Sl. No | Machine | Estimated Reliability from Isograph Reliability Workbench 13.0 | Predicted Reliability from MATLAB Based ANN |
1 | LH26 | 64.78 | 62.59 |
2 | LH27 | 60.14 | 60.04 |
3 | LH28 | 78.28 | 78.28 |
4 | LH29 | 58.18 | 58.18 |
5 | LH30 | 69.98 | 69.98 |
6 | LH31 | 65.44 | 65.44 |
5. Conclusions
Reliability analysis serves as a crucial indicator for assessing the performance of a system. The enhancement of continuous equipment operation can be achieved through the strategic planning and organization of maintenance practices. Such investigations will facilitate the forecasting of necessary managerial actions or control measures, including potential design modifications and component replacements, to ensure the desired levels of availability and utilization. The following conclusions are drawn from the results obtained:
• The highest reliability level recorded (Table 8) is 69.44% (LH29), while the lowest is 59.98% (LH26) in comparison to other systems. The irregular occurrence of frequent failures, coupled with reduced TBF, contributes to a significant decline in reliability percentages. Therefore, it is advisable to maintain less efficient equipment at an adequate level by implementing optimal maintenance practices. This can be further improved through strict adherence to preventive maintenance schedules, effective management of equipment and personnel, a skilled operating team, and efficient machinery management. A notable increase in availability and utilization can be achieved through shift overlapping.
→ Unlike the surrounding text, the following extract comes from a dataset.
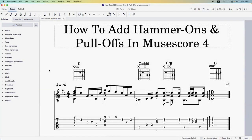As far as I know, there aren't yet any dedicated articulations specifically for hammer-ons and pull-offs in MuseScore, but we do have a handy little workaround which is not too difficult to do, and I'm going to show you how to do that now.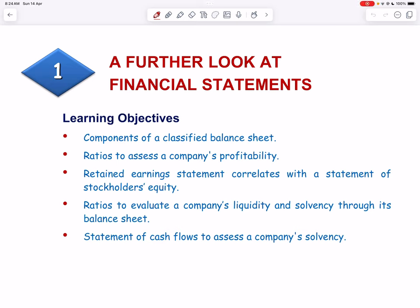This is the first video on a further look at financial statements. In this video we will recognize the components of a classified balance sheet, calculate and interpret ratios to assess a company's profitability, describe how a retained earnings statement correlates with a statement of stockholders' equity, and calculate and interpret ratios to evaluate a company's liquidity and solvency through its balance sheet.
• The developed ANN reliability model identified an optimal value for the hidden layer. According to the statistical error analysis, the Levenberg-Marquardt (LM) learning algorithm with 10 neurons for the reliability function was determined to be the best optimal value. For the ANN reliability model, an R² value of 0.99815 was achieved at a RMSE of 0.034731 for LM-10. The predicted reliability values, characterized by the highest R², yielded satisfactory results. A slight percentage variation error was observed between the computed and predicted outcomes. It was concluded that ANN is a suitable technique for validating the developed network model.
The data used to support the research findings are available from the corresponding author upon request.
The authors declare no conflict of interest.